A File is Just a Bunch of Bytes

Posted: 2023-03-21
Tags: #dotnet, #int-fic, #programming

Okay, yes, that’s a pretty obvious thing to say, but bear with me for a moment.¹

I’ve been procrastinating on the second part of my series exploring the Inform CLI tools by working on a Linux-first (but potentially cross-platform) desktop app for browsing and organizing a collection of interactive fiction games. Aside from just being something I would like to have, this project gives me a reason to explore things that I don’t typically face in my day job. For example, I’ve never written a graphical app for Linux before; I conceived this project partly as a means to gain some familiarity with GTK.
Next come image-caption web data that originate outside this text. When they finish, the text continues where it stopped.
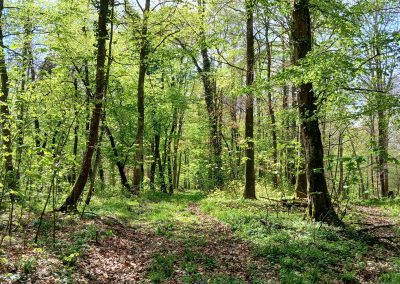 SORTIE du 16 avril 2025  (Marche d’Orientation)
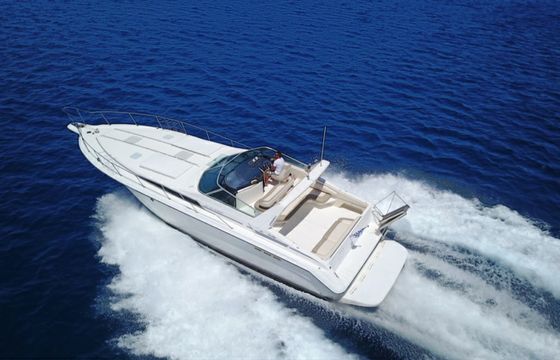 Sea Ray 455 Sundancer Octapus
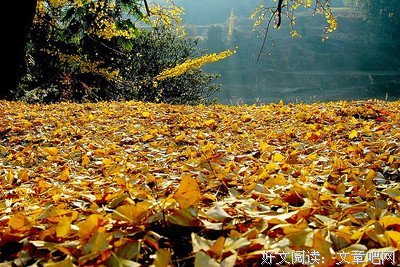 《情感》的句子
A core function of this app will be to scan the directory where you keep your IF games and extract metadata and cover art from each game. I’m focusing on games for the Z-machine and Glulx virtual machines to begin with, as those make up the bulk of modern parser-based games and consequently are of the most interest to me personally. Since the late 1990s, most new games targeting either of these VMs have been distributed as blorb files, which conveniently encapsulate the Z-code or Glulx bytecode of the game itself alongside any other resources the game might need — notably including said metadata and cover art.

But how to extract that information? Certainly, I’ve written programs that work with files before, but only far more mainstream formats:

Plaintext/XML/JSON: Just use C#’s File.ReadAllText(), coupled with the appropriate deserialization APIs.
PNG/JPEG: Image.FromFile().
XLS/XLSX: Install the NPOI NuGet package.

I even wrote a program once that could read and write from tar archives; but again there was a package for that, and more recently .NET 7 introduced the new System.Formats.Tar assembly.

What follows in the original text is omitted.